But as CS Lewis observed--a master of poetry, legend and myth--the New Testament, including the narratives of Jesus' birth, doesn't read like that.

Thanks for the great conversation!

Al said...

You are right Helen, Recycle your faith is a great site. Just heard about it this week, and have really enjoyed the videos. And it's good to see you still part of the conversation I first encountered in Jim & Casper go to church.
I think the concern about picking and choosing what you believe is a serious one. And I think we all tend to at least pick and choose which system of belief we are going to follow. We may not realize that choosing to see things from a liberal or conservative, or republican or democrat, or catholic or protestant viewpoint affects what we believe as much as it does. There are some stereotypical beliefs that each camp has, and we tend to conform to the party line. So, a conservative evangelical probably picks the typical CE beliefs about creation, biblical inerrancy, virgin birth just as much as a liberal would tend to believe in the typical liberal beliefs on the same subjects. These choices are often made for us (by virtue of the camp we have chosen, and the 'indoctrination' process that occurs), and it is only when we start to question the party line that we begin to think through things more on our own.
I expect it is at that point (thinking, questioning) that it becomes more obvious that we are going to pick a particular view on inerrancy, or creation, or whatever. But we have really been making the same choices subconsciously all along.
I also think I agree with Helen regarding the usefulness and immediacy of certain beliefs vs others. Many theologians have made a case for the necessity of the virgin birth in order for Christ to be more than just human. But yes, I think it is more valuable to people around me today for me to be more concerned about being kind and helpful, and perhaps less concerned about more mystic, esoteric theological issues.

Peter said...

Hi Helen! Great to see you! You asked, "Peter, is the Virgin Birth on the list of things you're not sure about, that haven't mattered enough for you to have a strong opinion about?"

That's just about right. I like it. I haven't tossed it out. I don't feel like I need it - I don't feel compelled to believe in it. I think it's historically and academically problematic. But it doesn't particularly trouble me.

Actually, between Virgin Birth and the Resurrection, Virgin Birth is WAY less important to me. I think it's also less defendable from a strictly biblical standpoint. The Virgin Birth seems almost an afterthought to Matthew and Luke, and isn't mentioned by Mark or John. The resurrection seems far more central to the beliefs and priorities of the whole New Testament. But I realize that may sound a lot like personal bias...

I have not been to "Recycle Your Faith" - thanks for the recommendation!

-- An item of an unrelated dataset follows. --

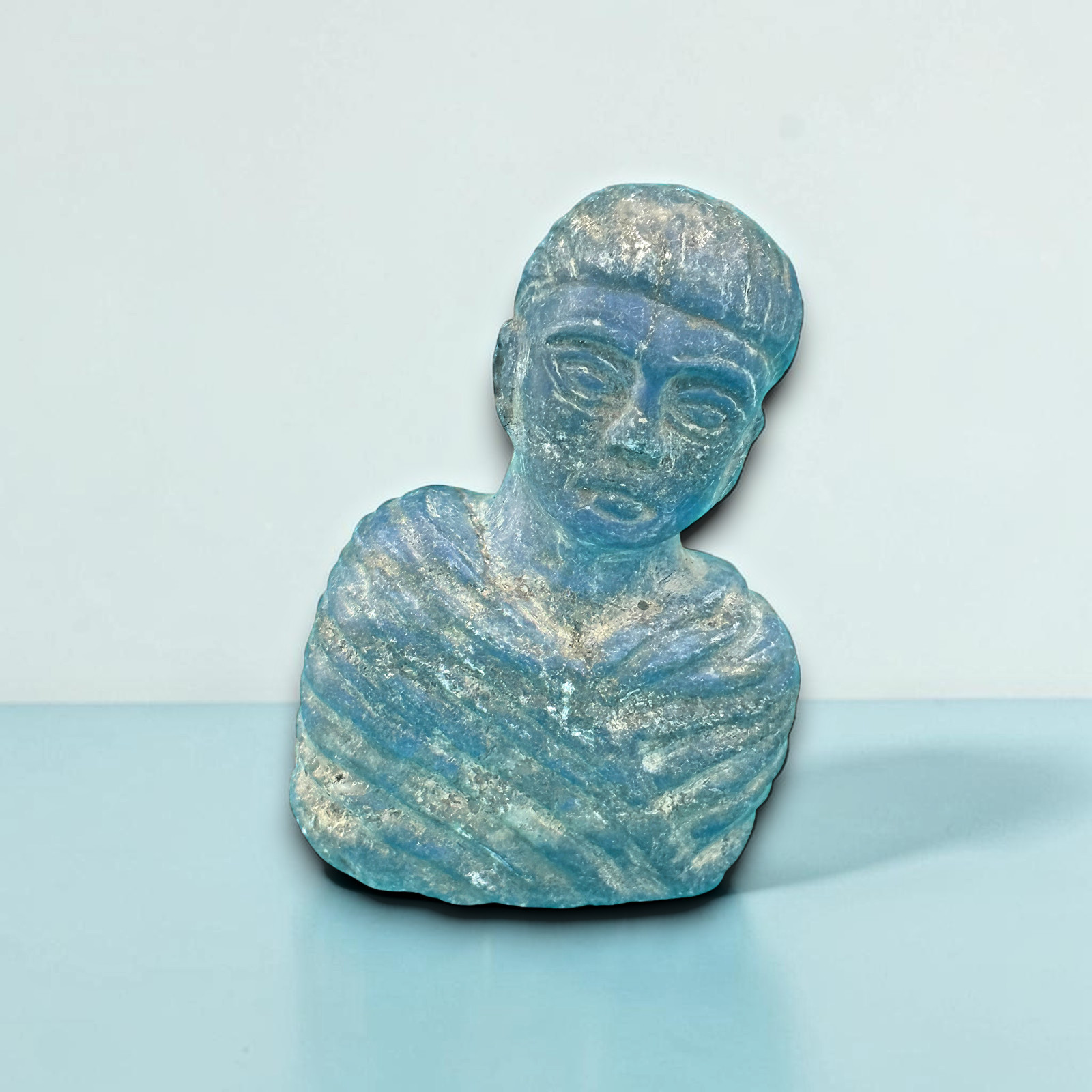Ancient Near Eastern Lapis Lazuli Bust of a Draped Figure | Rare Art Collectible Ancient Near Eastern Lapis Lazuli Bust of a Draped Figure | Rare Art Collectible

Sue, thank YOU for the conversation. I'm enjoying it. I don't think Matthew and Luke are likely using metaphorical language. I think they either really believed it and chose to ignore some of the inherent contradictions in their genealogies that accompanied it, or that later Christian communities added text in - as is suspected of some Josephus texts concerning Christ.

Al, thanks for the reminder about the danger of "picking and choosing." For me, as much as I'm sure I AM quite biased, it's really about letting God be God, and letting whatever is ACTUALLY TRUE be true! Meaning: I'm done telling God what the truth is, dictating based on my own (or my denomination's) theological necessities.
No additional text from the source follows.